Gönen Mithat, Westfall Peter H, Johnson Wesley
Department of Epidemiology and Biostatistics, Memorial Sloan-Kettering Cancer Center, New York, New York 10021, USA.
Biometrics. 2003 Mar;59(1):76-82. doi: 10.1111/1541-0420.00009.
In clinical studies involving multiple variables, simultaneous tests are often considered where both the outcomes and hypotheses are correlated. This article proposes a multivariate mixture prior on treatment effects, that allows positive probability of zero effect for each hypothesis, correlations among effect sizes, correlations among binary outcomes of zero versus nonzero effect, and correlations among the observed test statistics (conditional on the effects). We develop a Bayesian multiple testing procedure, for the multivariate two-sample situation with unknown covariance structure, and obtain the posterior probabilities of no difference between treatment regimens for specific variables.
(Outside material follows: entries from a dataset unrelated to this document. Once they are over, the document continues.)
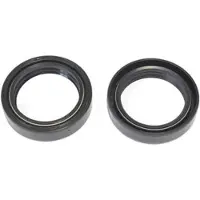 Athena Joint Spi De Fourche Pour Moto Honda 350 Xl 1984 À 1985 P40fork455048 / 39x52x11 Neuf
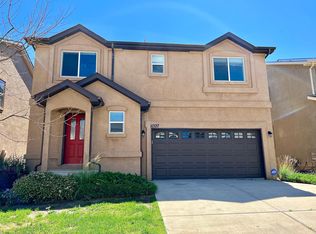 11527 Mountain Turtle Dr, Colorado Springs, CO 80921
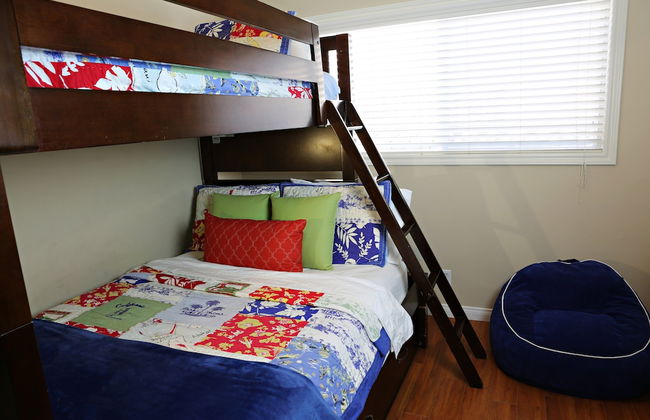 Destination #13 - Foto 4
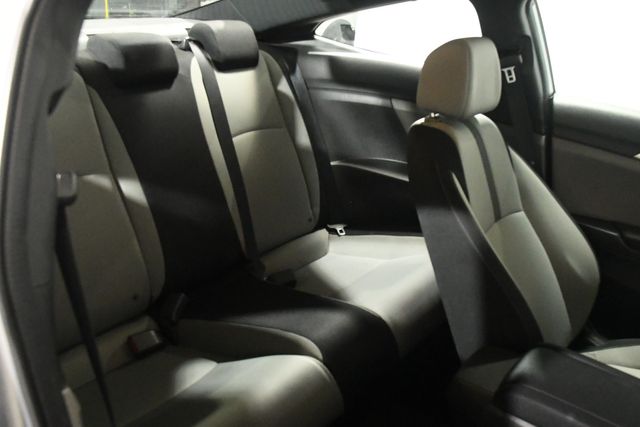 2016 Honda Civic LX | Branford, CT | Sound Auto Wholesalers 2016 Honda Civic LX | Branford, CT | Sound Auto Wholesalers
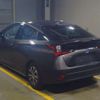 toyota prius 2019 -TOYOTA--Prius DAA-ZVW51--ZVW51-6120631---TOYOTA--Prius DAA-ZVW51--ZVW51-6120631- image 9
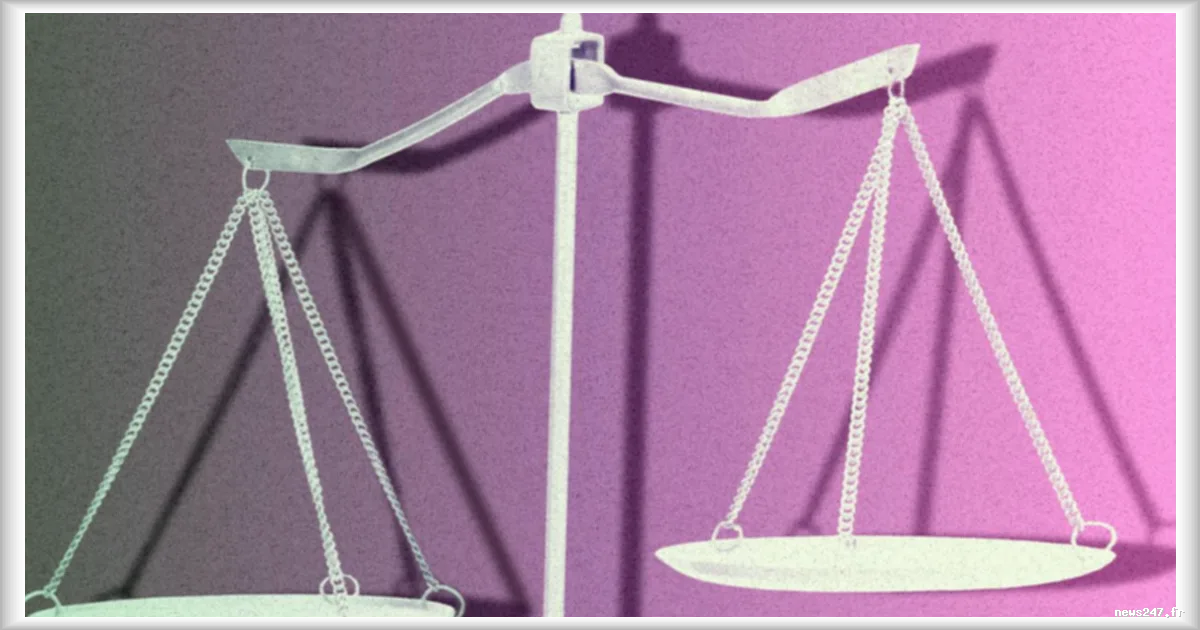 Justice criminelle : vers une procédure de plaider-coupable pour accélérer les affaires reconnues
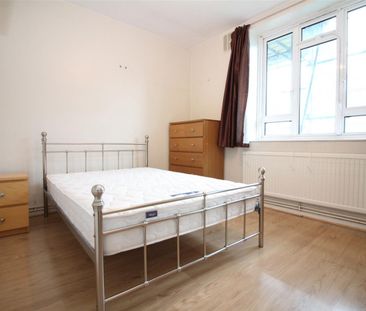 3 Bedroom Flat To Let - Photo 3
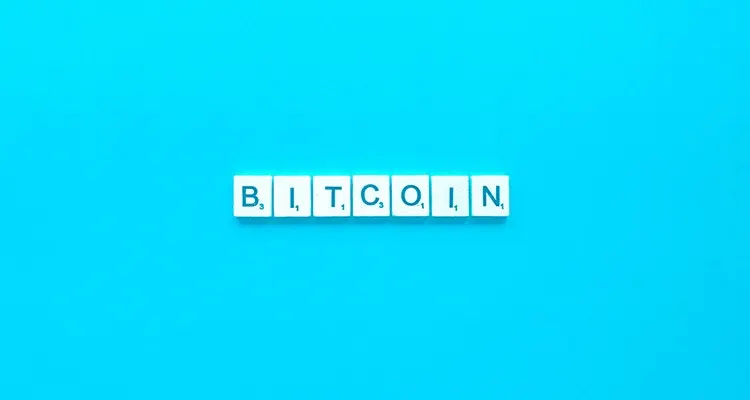 Mike Novogratz’s Forecast: Bitcoin in the $55,000–$75,000 Range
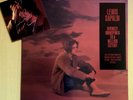 Lewis Capaldi Sealed LP + Signed Card Divinely Uninspired to a Hellish Extent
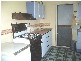 Maclagan QLD 4352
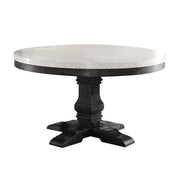 Nolan Round Dining Table - 72845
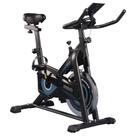 Spinning Residencial WSP 290 Winner Fitness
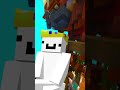 Por que fue tan odiada la version de minecraft new 3ds? |Ghostsito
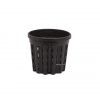 Foto Maceta redonda ercole 5l-50l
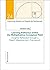 Learning Pathways within the Multiplicative Conceptual Field: Insights Reflected through a Rasch Measurement Framework (Empirische Studien zur Didaktik der Mathematik Book 24)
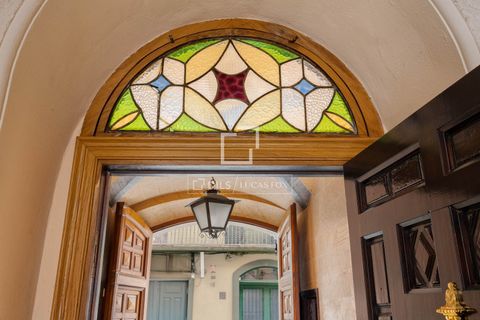 Villa a Banyoles, Gerona, Banyoles - € 465.000 | Ref: GIR59362 - foto 6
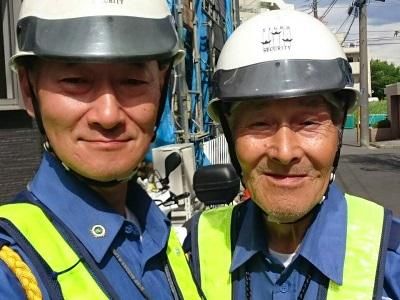 タイガー警備株式会社のアルバイト・バイト求人情報-04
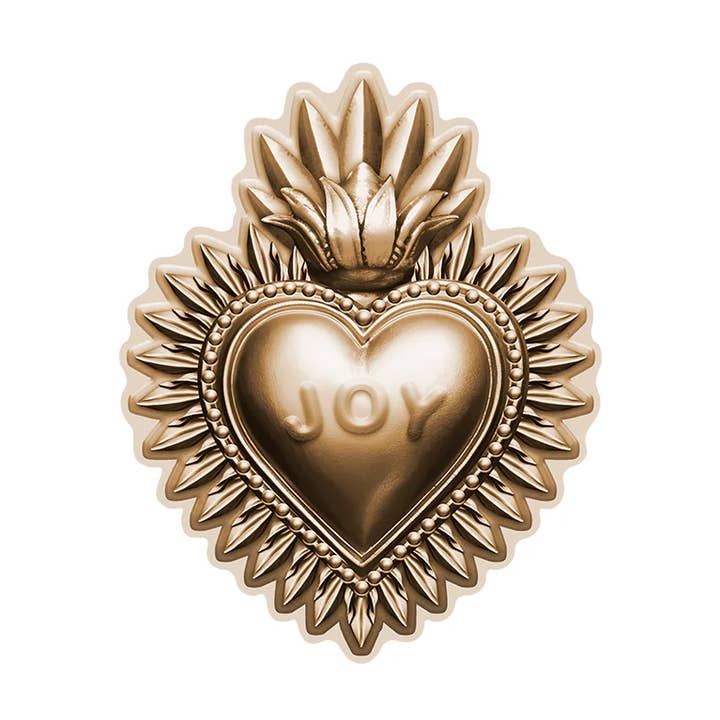 Maison Otto French Lifestyle Distribution - Wholesale Coasters - Macchia Coasters Set of 6 By Podevache0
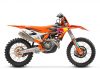 2024 KTM 450 SX-F FACTORY EDITION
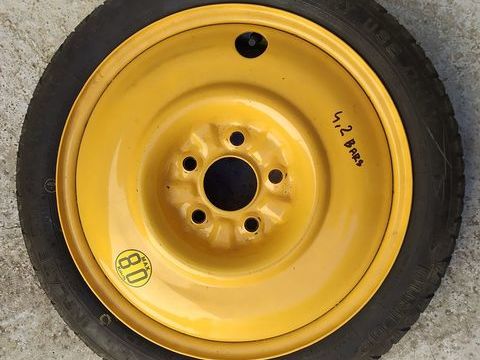 Pi&egrave;ces et &eacute;quipements Voiture Pi&egrave;ces et &eacute;quipements Voiture  occasion La Valette-du-Var 83160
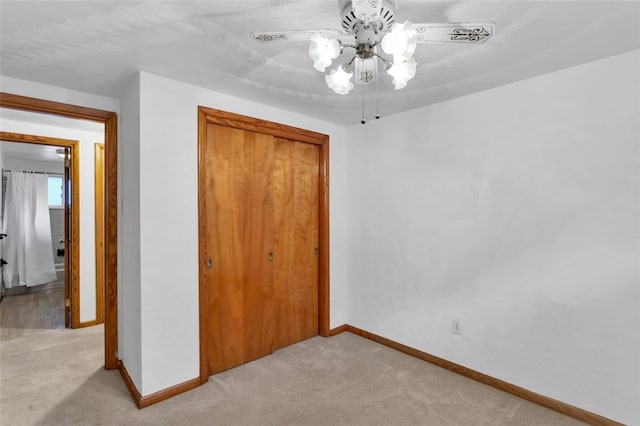 215 Robin Hood Dr, Hempfield Twp, PA 15642 - photo 25
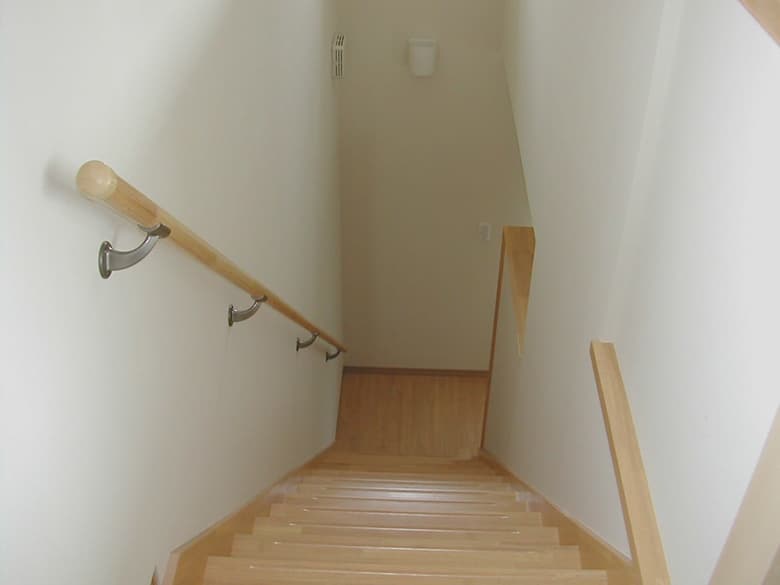 ローラーで塗る漆喰 しっくのん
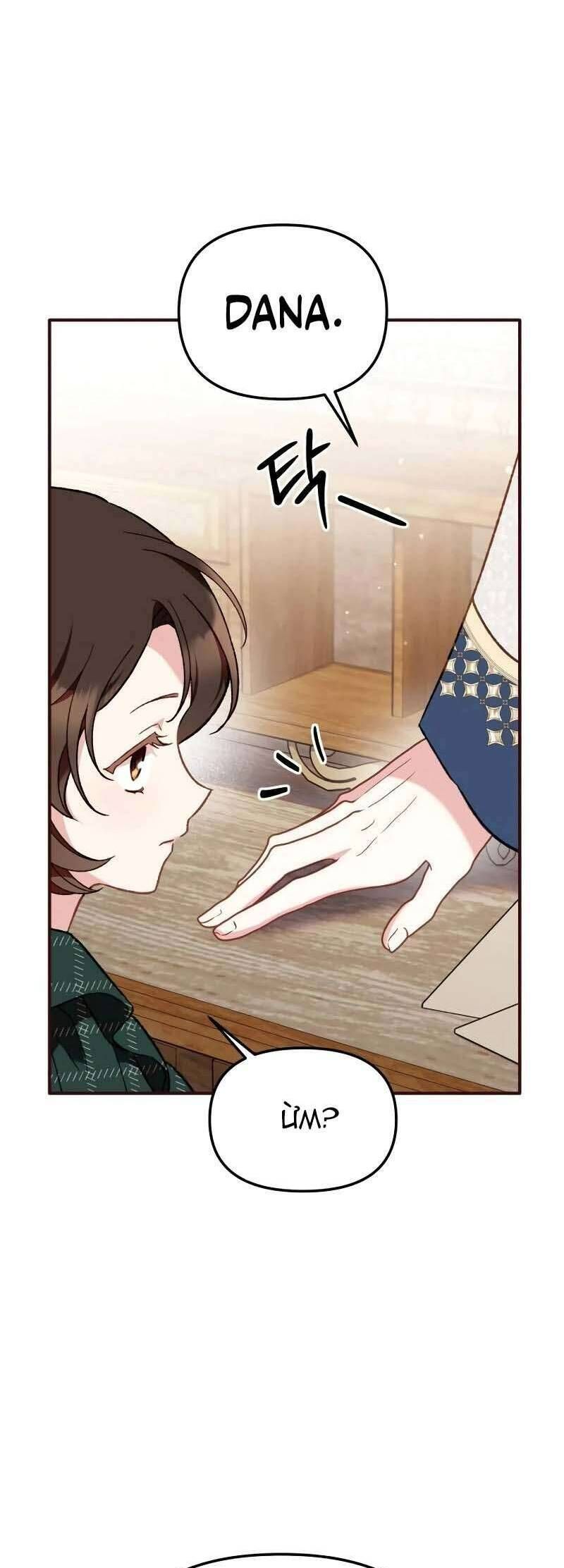 Bảo Vệ Thánh Nữ Giả Mạo - Chapter 7 - Page 50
Prior selection methods and robustness issues are discussed in the context of a clinical example.
在涉及多个变量的临床研究中,通常会考虑同时进行检验,此时结果和假设都是相关的。本文提出了一种关于治疗效果的多元混合先验,它允许每个假设的零效应具有正概率、效应大小之间的相关性、零效应与非零效应的二元结果之间的相关性以及观察到的检验统计量之间的相关性(以效应为条件)。我们针对协方差结构未知的多元两样本情况开发了一种贝叶斯多重检验程序,并获得了特定变量治疗方案之间无差异的后验概率。在一个临床实例的背景下讨论了先验选择方法和稳健性问题。